Wenn des Nachts in der Gründerzeitvilla die etwas morsche Holztreppe ächzt, das Licht schummrig flackert und ein zarter, leicht modriger Windhauch durch die Stockwerke säuselt, dann ist der Hausgeist wieder unterwegs. Und der lässt auch schon mal jemanden verschwinden. So zumindest die schöne Märe, mit der Konzertveranstalter Markus Hoffmann in der Oetinger Villa nächtigende Künstler immer wieder zu verschrecken vermag. Manch angetrunkener Musiker, der den Weg von der Toilette zurück zum Schlafraum nicht mehr fand, verbrachte daraufhin die dunklen Stunden wimmernd auf dem Klo. Angeblich.
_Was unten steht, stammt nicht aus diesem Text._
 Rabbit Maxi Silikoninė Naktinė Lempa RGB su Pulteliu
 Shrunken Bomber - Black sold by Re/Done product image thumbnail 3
Imposant thront die Oetinger Villa verborgen zwischen Kranichsteiner Straße und dem Studentenwohnheim Karlshof. Umrandet von einem kleinen Park ruht sie dort wie ein gewaltiger Monolith. Wirklich ruhig ist es allerdings selten, denn in der Villa wuselt kreatives Leben.
Ein Blick zurück. Im Jahre 1898 wurde die Oetinger Villa auf dem Gelände des Karlshofes erbaut. Bauherr war August Josef Ludwig Freiherr von Oetinger. Von jener Zeit an bis in die 1960er Jahre war das Gebiet vom Spessartring über den Bürgerpark bis zu den Bahnschienen in Kranichstein kein Wohngebiet, sondern weitgehend landwirtschaftlich genutztes Areal. Die Villa selbst galt als Gutshaus, in der die Familie Oetinger zeitweise lebte. Im November 1960 vererbten die Töchter des Bauherrn die Villa an die Stadt Darmstadt. Danach wurde das Gebäude partiell als Institut für biologische Schädlingsbekämpfung genutzt, bevor im Oktober 1970 die „Initiativgruppe Wohnen“ die oberen Stockwerke besetzte. Wohl Schädlinge im Sinne der Stadtoberen, denn zwei Jahre später wurde das Projekt nach einem heftigen Häuserkampf von der Polizei geräumt. Um den Konflikt etwas zu entschärfen, beschloss die Stadt, die Villa künftig als offenes Jugendzentrum zu nutzen.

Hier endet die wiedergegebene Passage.